Showing Love for Haiti (San Fernando Valley Sun)

Showing Love for Haiti (San Fernando Valley Sun)

February 11, 2010

Written by Diana Martinez 

"Please don't forget Haiti. Don't let the world's spotlight fade too quickly" – Dr. Martina Fuchs

The non-profit, originally valley based organization, Real Medicine Foundation, is in Haiti. Dr. Martina Fuchs, a valley resident, and her colleagues has opened up a stationary health clinic in Port-au-Prince and this week remarkably opened up a second clinic located right in what was the epicenter of the earthquake. They have aptly named that clinic "Rubble."

"Show some love for Haiti," is Fuchs message for folks back home and around the world. They worry that as time passes, and news about Haiti moves from the top of the newscast, the critical needs of people devastated by the quake, will wane. This Valentine's Day said a Real Medicine spokesperson is an opportunity to assist those in greatest need and can be the greatest expression of love.

"Please don't forget Haiti. Don't let the world's spotlight fade too quickly," said Fuchs, "There are so many people who need our help and who are relying on us to stay alive."

Michael Lear, Director of International Relations for the Real Medicine Foundation wrote in a blog entry the difficulty in describing what he's witnessed:

"Perhaps it is the staggering amounts of amputations, stories of being trapped, crushed, losing everything… seeing so many orphaned children lying scared and alone in body casts..utter destruction.
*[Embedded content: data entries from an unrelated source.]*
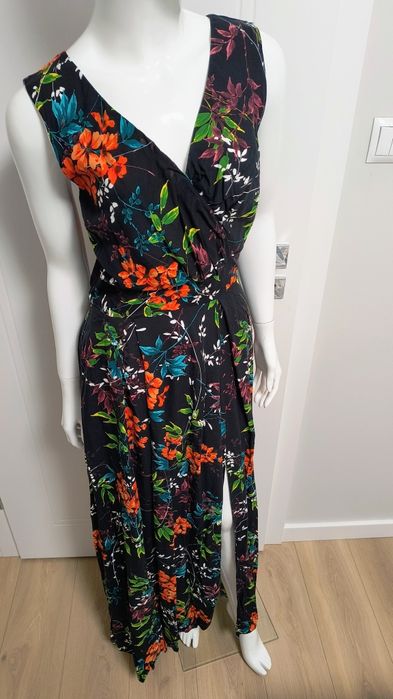 Sukienka  w kwiaty maksi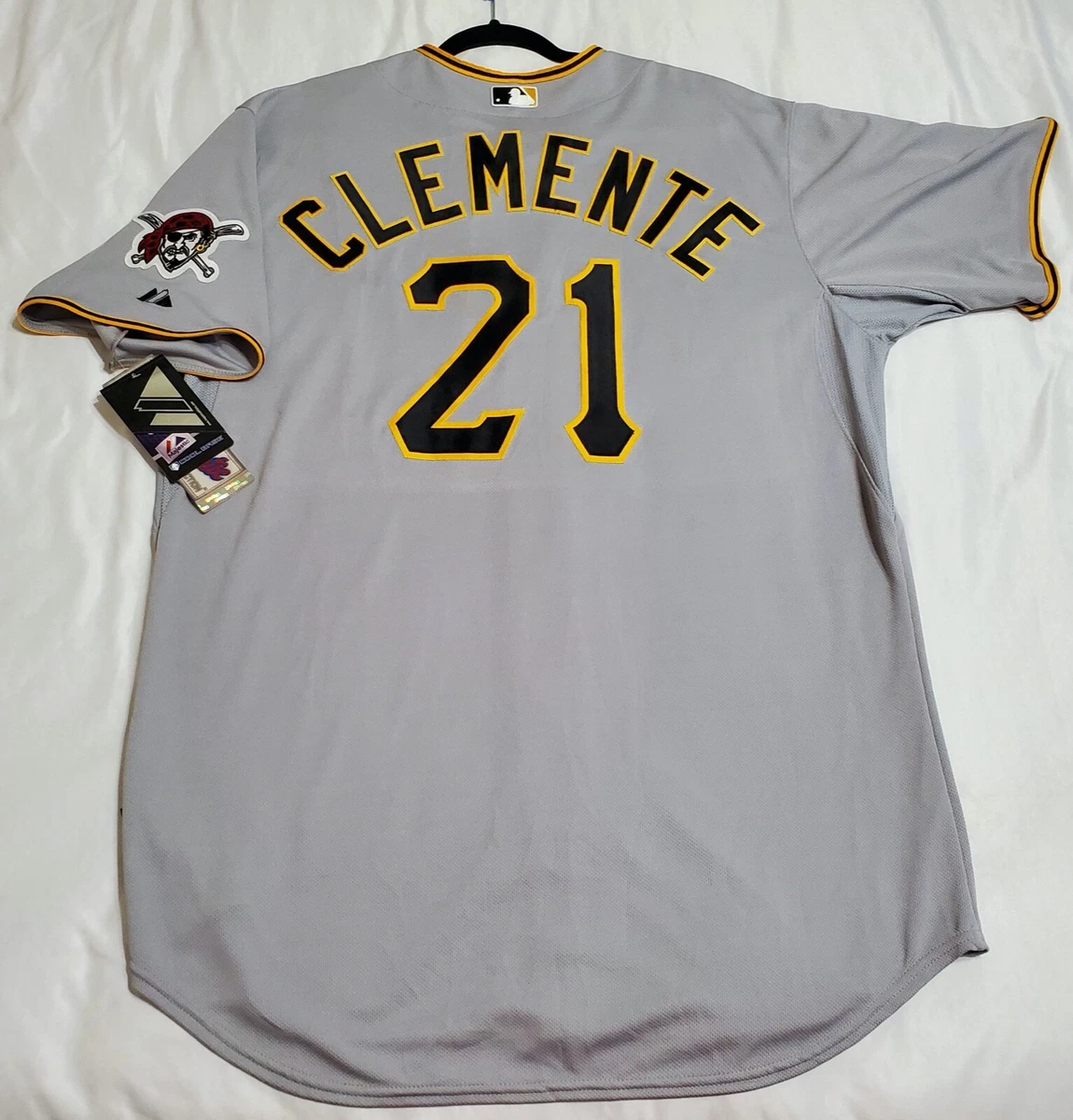 AUTHENTIC MAJESTIC 52 2XL, ROBERTO CLEMENTE PITTSBURGH PIRATES COOL BASE  Jersey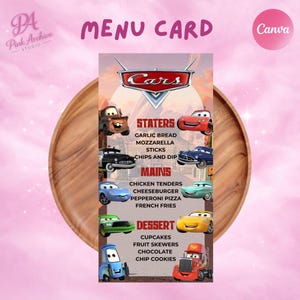 Può includere: Un menu rettangolare con il logo del film Cars in alto. Il menu elenca Staters, Mains e Dessert con piatti come pane all'aglio, bastoncini di mozzarella, straccetti di pollo e biscotti, decorato con vari personaggi di auto colorati.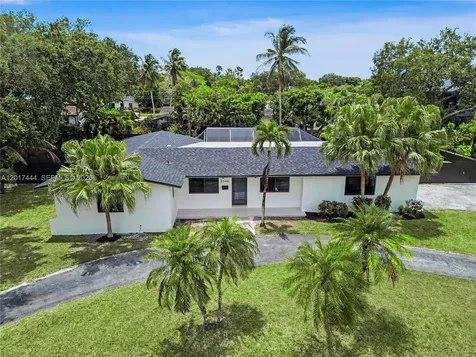8340 SW 154th Terrace Palmetto Bay FL 33157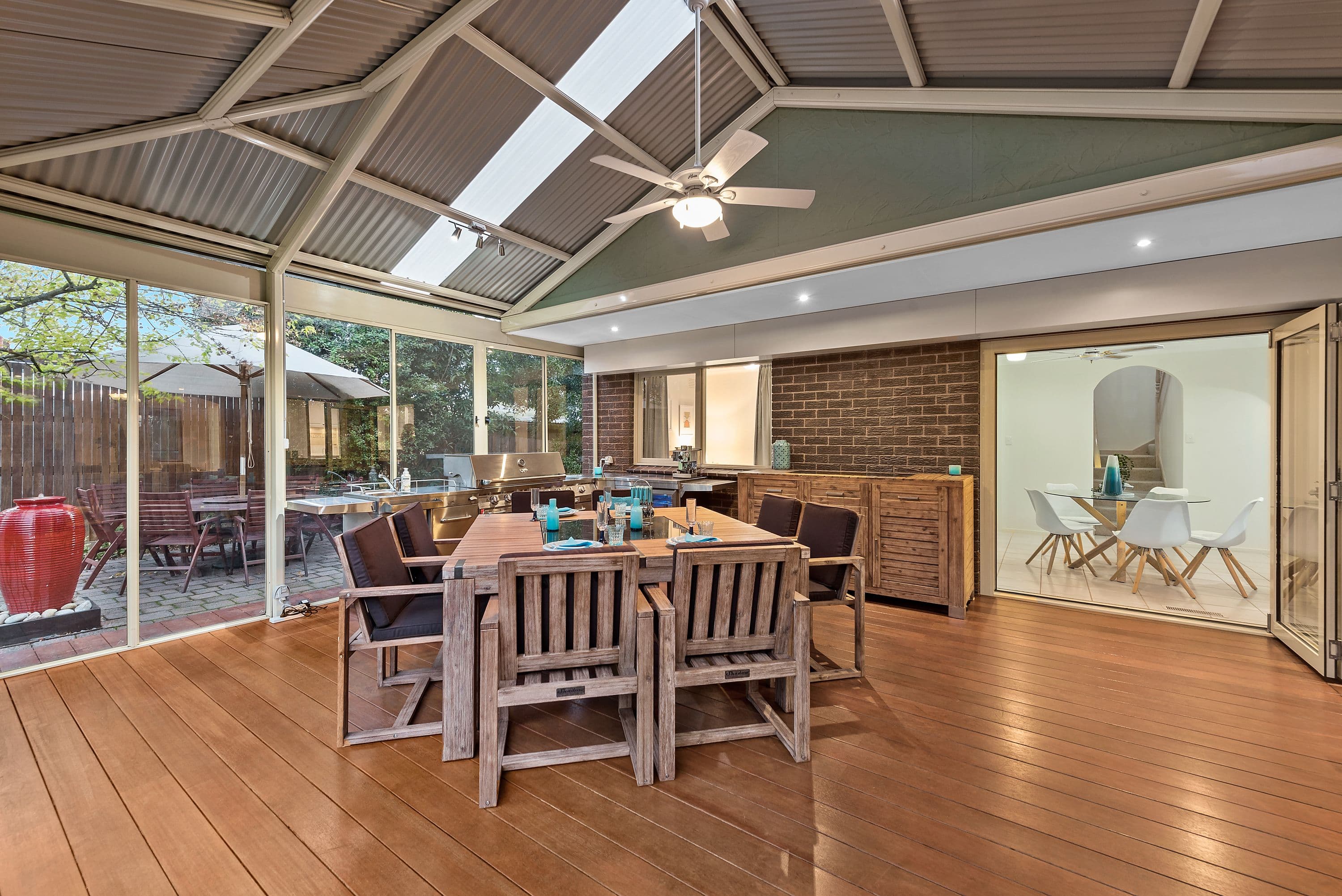 2 Kinarra Court, Mooroolbark VIC 3138, Mooroolbark - Thumbnail 3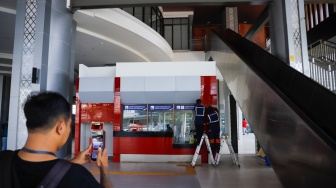 Suasana di Stasiun Tanah Abang Jakarta, Jumat (27/6/2025). [Suara.com/Alfian Winanto]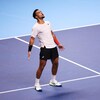 Il crie pour célébrer une victoire sur le court.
While all of this has left me silent, nothing leaves me speechless more than the contemplation of how these people will recover – so may doctors, nurses, medical support staff are needed for the next months, probably years to come to ensure their recovery."

The rainy season is pressing and with that comes water borne diseases. Haiti has already had hygiene problems and the impact and exposure to people can be a public health disaster as large as the earthquake itself warns Dr. Fuchs.
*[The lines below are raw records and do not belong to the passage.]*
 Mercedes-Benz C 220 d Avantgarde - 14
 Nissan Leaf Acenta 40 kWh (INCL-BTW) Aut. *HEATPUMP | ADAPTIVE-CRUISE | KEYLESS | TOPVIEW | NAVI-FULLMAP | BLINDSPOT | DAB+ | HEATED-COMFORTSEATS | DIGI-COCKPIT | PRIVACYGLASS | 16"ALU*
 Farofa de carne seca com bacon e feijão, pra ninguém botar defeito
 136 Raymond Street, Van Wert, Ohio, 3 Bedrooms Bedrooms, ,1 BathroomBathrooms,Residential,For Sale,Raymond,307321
More than 230,000 people died and thousands were injured in the January 12 7.0 earthquake and says there are many more bodies that haven't been counted buried in collapsed buildings and are being recovered every day.
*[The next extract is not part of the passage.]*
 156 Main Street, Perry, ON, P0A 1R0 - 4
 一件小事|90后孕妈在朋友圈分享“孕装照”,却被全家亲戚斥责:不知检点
Miraculously, a 28-year old man, still alive was pulled from the rubble Monday, after being buried in a collapsed market where he sold rice.

The Real Medicine staff has been working nonstop since arriving in Haiti weeks ago. In addition to offering health care, the group has assisted in the logistics of feeding people.

"When Dr. Fuchs arrived, she encountered people who hadn't eaten in a week," said Lilly Ghahremani, a spokesperson for Real Medicine Foundation.

"A group of young Haitian men approached Martina and the team when they first arrived in Port-au- Prince. They were looking for anyone who would listen to them, concerned about all the people still not receiving aid. Martina followed them and found 17 camps of people, which numbered over 40,000 people who weren't receiving food. Martina went to the UN and was able to get every camp on to the UN World Food Programme Distribution list which enabled them to receive one meal a day," Ghahremani said.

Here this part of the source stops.